[TASK BRIEF] Your task is to copy the lines of the data below from the line holding "Businesswoman interviewing disabled" through the line holding "Postel nebo postele", inclusive, exactly and with nothing added.

[LISTED RECORDS]
+++
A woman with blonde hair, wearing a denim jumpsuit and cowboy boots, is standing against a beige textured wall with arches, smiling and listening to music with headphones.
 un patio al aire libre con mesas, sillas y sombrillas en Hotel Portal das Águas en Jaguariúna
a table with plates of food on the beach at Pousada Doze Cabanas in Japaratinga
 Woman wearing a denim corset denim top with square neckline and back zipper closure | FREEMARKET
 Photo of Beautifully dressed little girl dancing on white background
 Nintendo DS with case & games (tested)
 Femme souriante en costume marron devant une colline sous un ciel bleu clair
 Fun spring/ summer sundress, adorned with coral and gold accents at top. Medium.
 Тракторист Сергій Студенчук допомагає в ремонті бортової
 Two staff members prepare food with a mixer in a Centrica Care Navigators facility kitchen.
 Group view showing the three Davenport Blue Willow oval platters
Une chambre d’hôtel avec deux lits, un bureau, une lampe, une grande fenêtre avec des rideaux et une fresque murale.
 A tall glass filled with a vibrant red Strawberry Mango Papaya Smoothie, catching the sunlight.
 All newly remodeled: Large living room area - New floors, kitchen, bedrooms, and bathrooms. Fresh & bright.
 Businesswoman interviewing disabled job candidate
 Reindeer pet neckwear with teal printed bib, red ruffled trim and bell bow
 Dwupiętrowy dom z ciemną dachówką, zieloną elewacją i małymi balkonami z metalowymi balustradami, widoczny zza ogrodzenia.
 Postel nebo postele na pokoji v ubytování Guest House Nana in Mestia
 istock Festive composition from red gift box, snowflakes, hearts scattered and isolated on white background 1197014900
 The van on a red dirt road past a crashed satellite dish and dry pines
+++
[SOLUTION TO THIS PROBLEM]
 Businesswoman interviewing disabled job candidate
 Reindeer pet neckwear with teal printed bib, red ruffled trim and bell bow
 Dwupiętrowy dom z ciemną dachówką, zieloną elewacją i małymi balkonami z metalowymi balustradami, widoczny zza ogrodzenia.
 Postel nebo postele na pokoji v ubytování Guest House Nana in Mestia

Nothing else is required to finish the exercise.